IAM Seeing Things!
What is a common oversight when granting Airflow GCP service account permissions to BigQuery, or what specific permission might be missing for query execution?
A user reports their new Airflow DAG task fails with Access Denied: Table rddt-data-prod:my_dataset.my_table: User does not have permission to query table... but they swear the service account airflow-worker@my-project.iam.gserviceaccount.com has roles/bigquery.dataViewer on the dataset.
What is roles/bigquery.jobUser
The Airflow scheduler pod is Running. DAGs are synced. But no DAGs are being scheduled or marked as done.
What is a broken sql_alchemy_conn - incorrect reference to secret (bad-key)

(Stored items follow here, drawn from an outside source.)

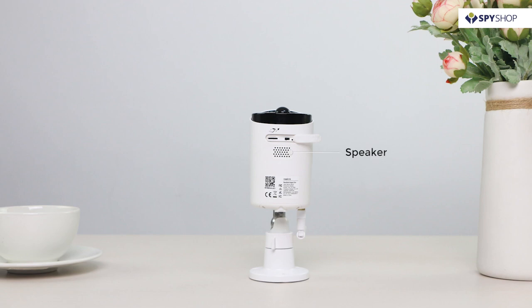The built-in mic and speaker let you speak to the delivery man even when you're in the office. There is also a micro SD card slot for saving motion events for later playback.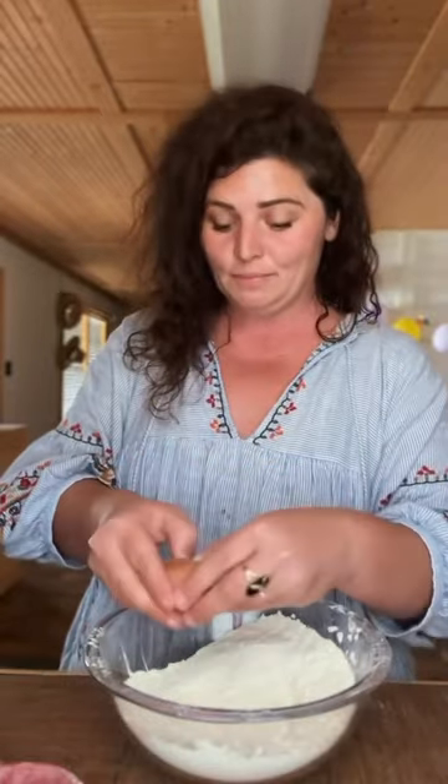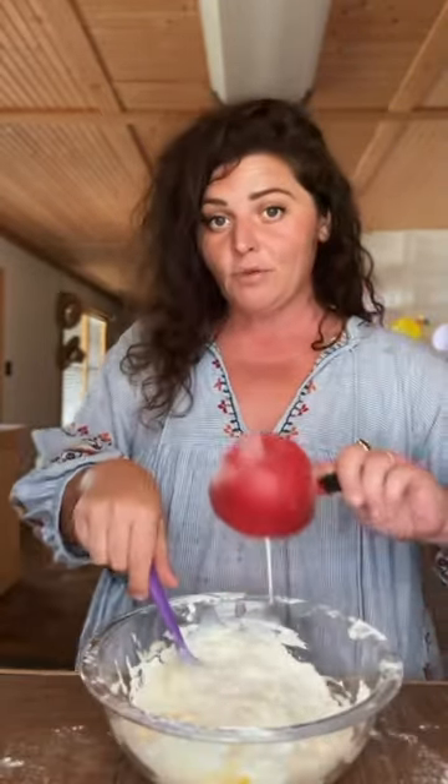Let's make some homemade pancakes. Two cups of flour, quarter of a cup sugar, a tablespoon of baking powder, spoon of salt, one egg, a cup and a half of milk.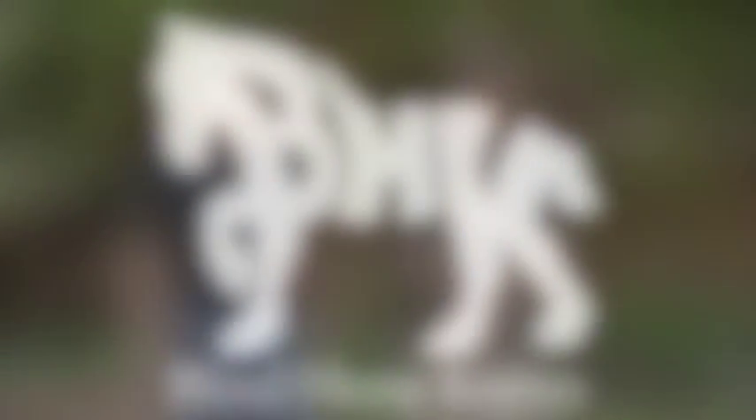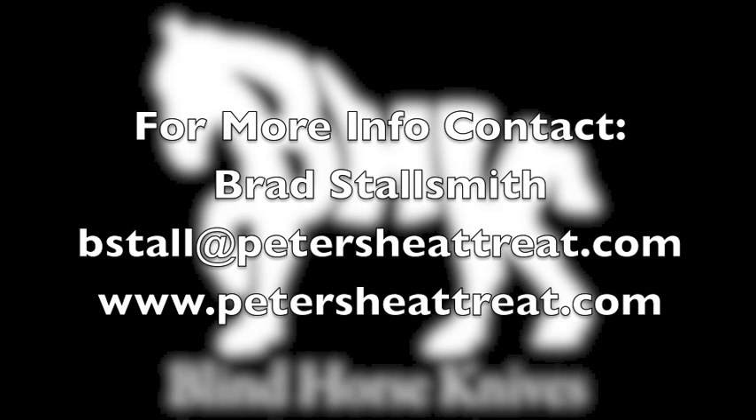Quite interesting. That's a good in-depth explanation of the Rockwell scale. Nice, thank you.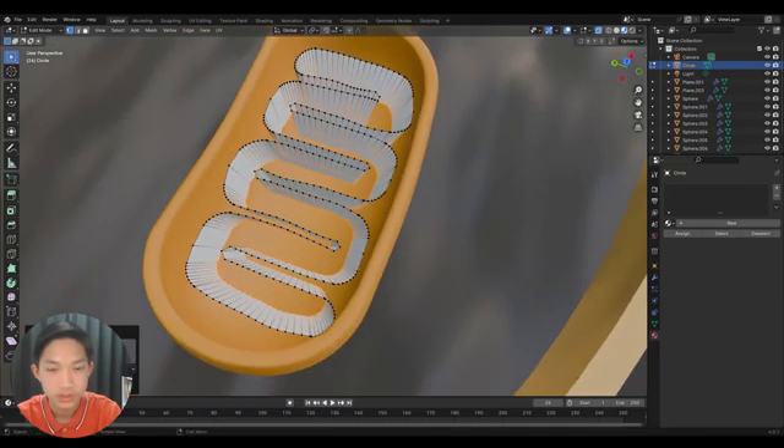Give it a thickness on the inside, add a Subdivision Surface modifier, then Shade Auto Smooth. Give it a new material and make it a yellowish color. Duplicate one and rotate it 90 degrees, then move it into place.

What is the name of the kubernetes role that gives yourself permissions on the dw eks cluster?
what is: cluster admin
A user asks: How can I get access to this table? I get this error:
Access Denied: Table rddt-tier0-metrics1-prod:uniques.user_daily_geo: User does not have permission to query table rddt-tier0-metrics1-prod:uniques.user_daily_geo, or perhaps it does not exist.
bq show --format=prettyjson
There is a groupByEmail entry:
sg-gcp-{group-name}
Humans should belong to a service group.
One of the Airflow webserver pods is slow to respond or intermittently fails. Why?

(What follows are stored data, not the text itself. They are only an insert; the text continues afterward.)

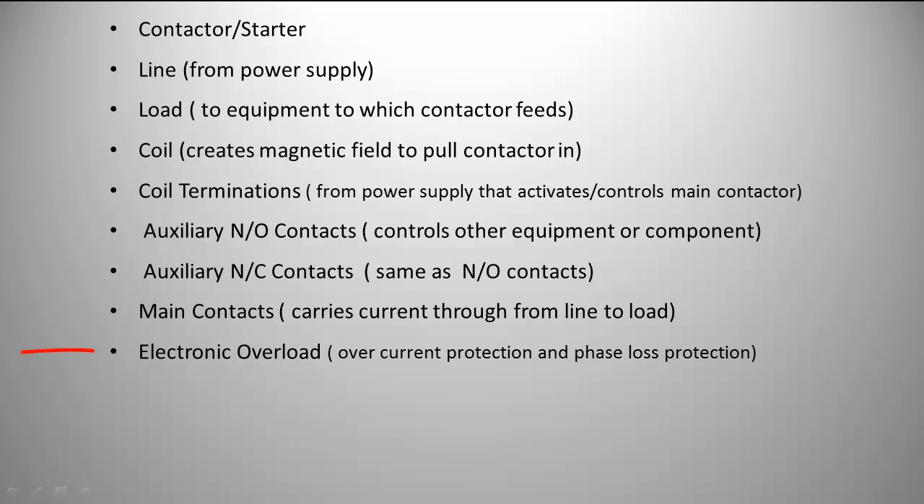The main contacts actually carry the current from the line to the load. An electronic overload in this particular case provides current over-protection or phase loss protection. Let's take a look at the next slide and I'll show you some of the components.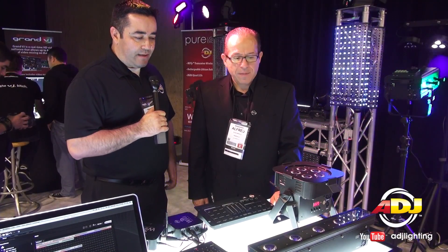Jose Heredia here with American DJ at NAMM 2013, bringing you a first look at a brand new product for American DJ. Here to explain it all is Alfred Gonzales, National Sales Director.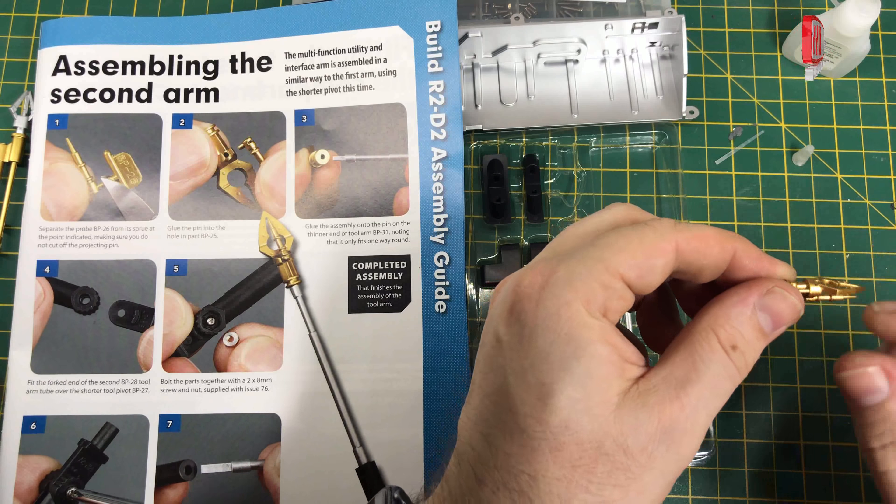I have seen some things online about these arms being the wrong way round — the top one's at the bottom and the bottom one's at the top, according to being screen accurate. But I'm not that worried. I'm going to do it as per the instructions. It's all held together with screws, and some bits are glued. If I need to, I can unscrew that and put it the other way round, but it really doesn't worry me that much.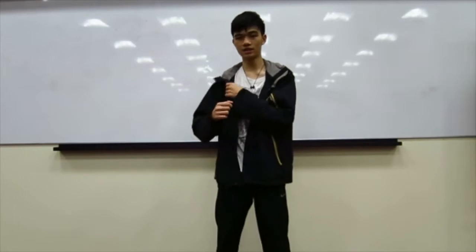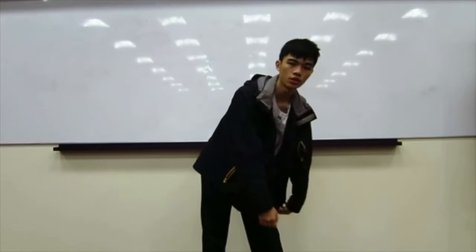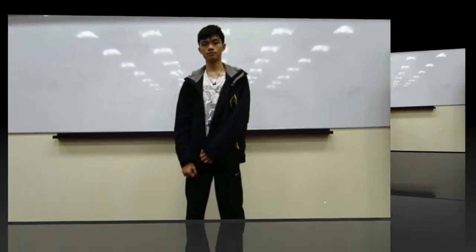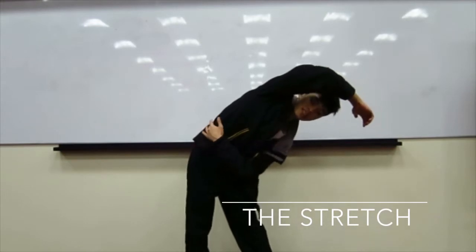It also performs this action where you bend down with your elbows pointing to your hips. As you can see, it pulls the muscles on your side, causing them to stretch.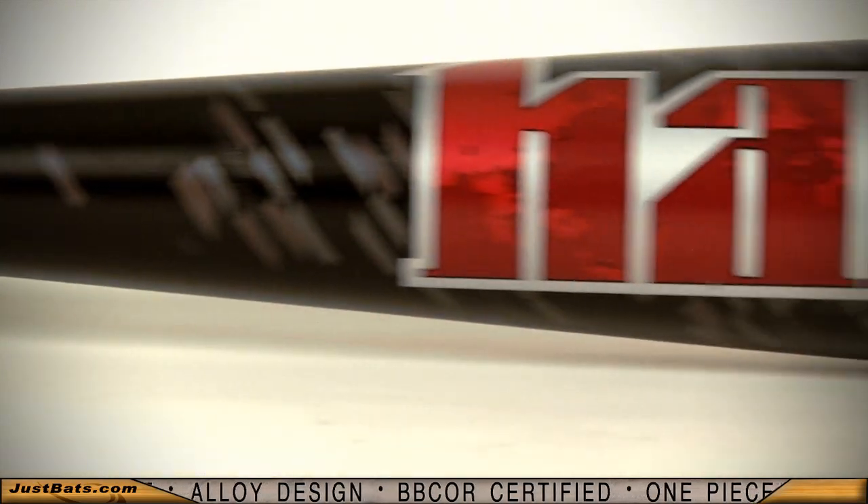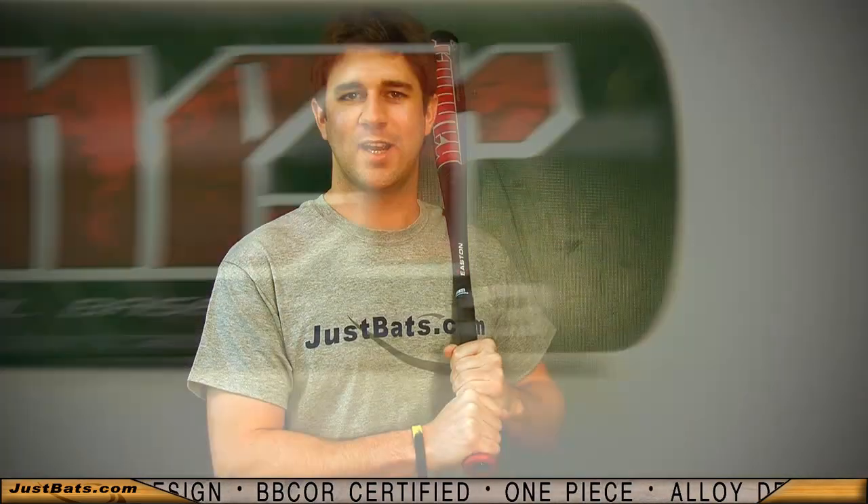It's an affordable bat at an exceptional price. So check it out at JustBats.com and remember, from click to hit.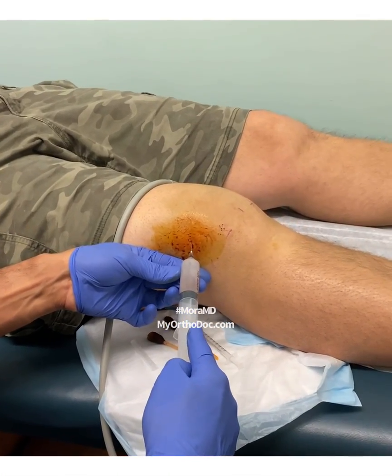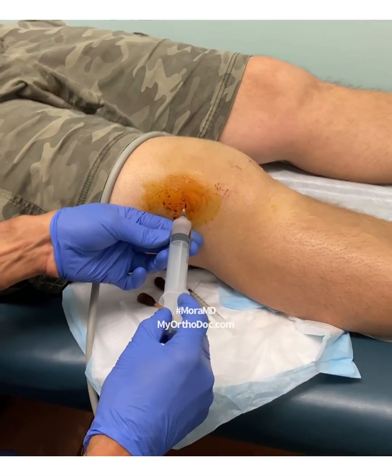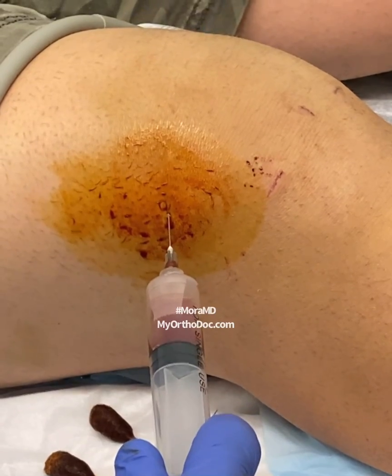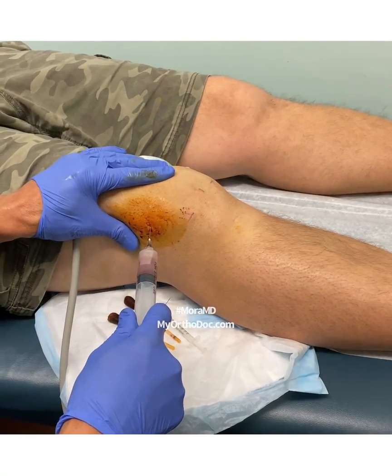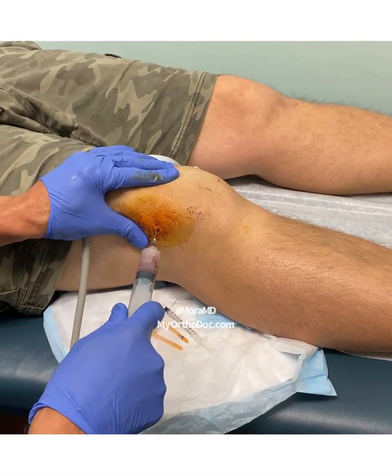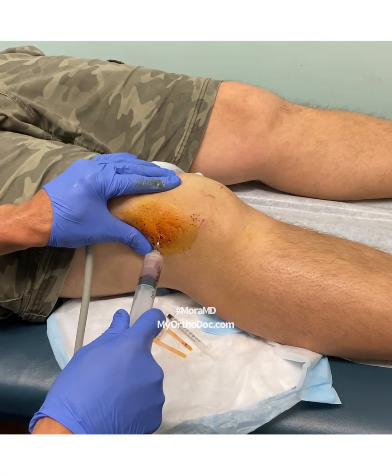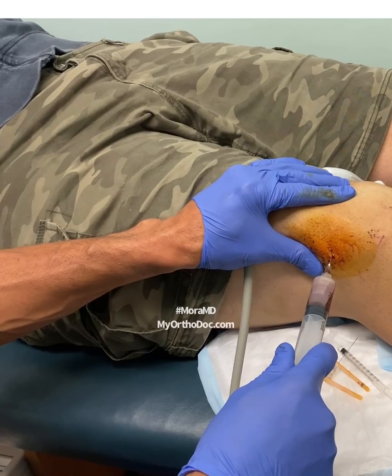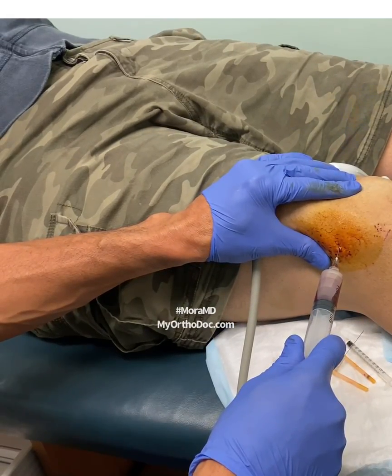It's going to clot up pretty fast. I rotate the needle a little bit and put a little pressure over here. It was slowing down, but there it goes — it's picking up. I can feel the syringe giving, so I know I'm in the right plane.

What is one of the webserver pods is maxing out its CPU and hitting the 100m limit. It’s being throttled by the kubelet.
A teammate tried to create an AirflowWorkload, but it remains stuck in Ready=False. After digging, they found that the underlying GCP Project Crossplane resource exists - but something’s wrong. What is it?
The CR name is: dw-michael-test
What is the spec.forProvider.projectId was modified from the correct value:
Correct: projectId: r-d0f1c99f1de076e1ae143b2b5
Modified: projectId: broken-project-id
The GCP Project ID is immutable.
The Analytics Reporting team has just created a new view: analytics-reporting-prod:finance_dashboard_views.vw_quarterly_event_summary
This view is intended to query data from the rddt-dp-data1-prod:decomposed_event_views dataset. Users in the finance-analysts@reddit.com group have been granted roles/bigquery.dataViewer on the new vw_quarterly_event_summary view.
However, when they try to query vw_quarterly_event_summary, they receive a permission denied error. Why?
What is an access entry granting a role (e.g., READER) to the view rddt-analytics-reporting-prod:finance_dashboard_views.vw_quarterly_event_summary on the rddt-dp-data1-prod:decomposed_event_views dataset?
bq show --format=prettyjson rddt-dp-data1-prod:decomposed_event_views
Tasks can't run, and the schedulers seem to be unhealthy. Why?
What is Pgbouncer is running but misconfigured (e.g., invalid credentials or port). Airflow cannot connect.
A new AirflowWorkload was created in the cluster. 15 minutes later, no GCP resources exist. Why?
What is the controller is down, so no resources are being created.